▶ [Records from a collection]

= Beginning of Section =

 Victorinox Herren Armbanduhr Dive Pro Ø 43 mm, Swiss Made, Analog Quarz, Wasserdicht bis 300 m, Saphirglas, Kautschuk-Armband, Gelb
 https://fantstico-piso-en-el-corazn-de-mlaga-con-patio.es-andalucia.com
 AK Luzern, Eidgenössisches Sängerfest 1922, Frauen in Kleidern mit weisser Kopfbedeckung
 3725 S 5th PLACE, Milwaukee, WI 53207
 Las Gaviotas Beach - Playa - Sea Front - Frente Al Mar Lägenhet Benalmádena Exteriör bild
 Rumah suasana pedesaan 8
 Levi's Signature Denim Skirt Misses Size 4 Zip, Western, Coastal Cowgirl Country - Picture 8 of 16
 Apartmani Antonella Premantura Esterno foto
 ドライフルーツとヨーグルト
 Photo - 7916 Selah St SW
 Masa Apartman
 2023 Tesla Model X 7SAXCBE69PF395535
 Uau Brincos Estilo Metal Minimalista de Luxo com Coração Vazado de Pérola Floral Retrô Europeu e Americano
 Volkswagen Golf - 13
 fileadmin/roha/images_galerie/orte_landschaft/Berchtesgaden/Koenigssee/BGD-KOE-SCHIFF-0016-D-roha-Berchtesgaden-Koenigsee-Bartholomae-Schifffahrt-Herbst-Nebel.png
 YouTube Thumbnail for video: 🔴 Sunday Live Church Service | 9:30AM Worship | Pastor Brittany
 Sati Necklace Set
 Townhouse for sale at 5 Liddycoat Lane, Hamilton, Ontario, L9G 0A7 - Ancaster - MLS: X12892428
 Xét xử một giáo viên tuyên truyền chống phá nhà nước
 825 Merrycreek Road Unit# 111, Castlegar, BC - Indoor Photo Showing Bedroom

= End of Section =

▶ [What needs to be done]
Every entry above should be transcribed exactly and in full.

▶ [Solution for this exercise]
 Victorinox Herren Armbanduhr Dive Pro Ø 43 mm, Swiss Made, Analog Quarz, Wasserdicht bis 300 m, Saphirglas, Kautschuk-Armband, Gelb
 https://fantstico-piso-en-el-corazn-de-mlaga-con-patio.es-andalucia.com
 AK Luzern, Eidgenössisches Sängerfest 1922, Frauen in Kleidern mit weisser Kopfbedeckung
 3725 S 5th PLACE, Milwaukee, WI 53207
 Las Gaviotas Beach - Playa - Sea Front - Frente Al Mar Lägenhet Benalmádena Exteriör bild
 Rumah suasana pedesaan 8
 Levi's Signature Denim Skirt Misses Size 4 Zip, Western, Coastal Cowgirl Country - Picture 8 of 16
 Apartmani Antonella Premantura Esterno foto
 ドライフルーツとヨーグルト
 Photo - 7916 Selah St SW
 Masa Apartman
 2023 Tesla Model X 7SAXCBE69PF395535
 Uau Brincos Estilo Metal Minimalista de Luxo com Coração Vazado de Pérola Floral Retrô Europeu e Americano
 Volkswagen Golf - 13
 fileadmin/roha/images_galerie/orte_landschaft/Berchtesgaden/Koenigssee/BGD-KOE-SCHIFF-0016-D-roha-Berchtesgaden-Koenigsee-Bartholomae-Schifffahrt-Herbst-Nebel.png
 YouTube Thumbnail for video: 🔴 Sunday Live Church Service | 9:30AM Worship | Pastor Brittany
 Sati Necklace Set
 Townhouse for sale at 5 Liddycoat Lane, Hamilton, Ontario, L9G 0A7 - Ancaster - MLS: X12892428
 Xét xử một giáo viên tuyên truyền chống phá nhà nước
 825 Merrycreek Road Unit# 111, Castlegar, BC - Indoor Photo Showing Bedroom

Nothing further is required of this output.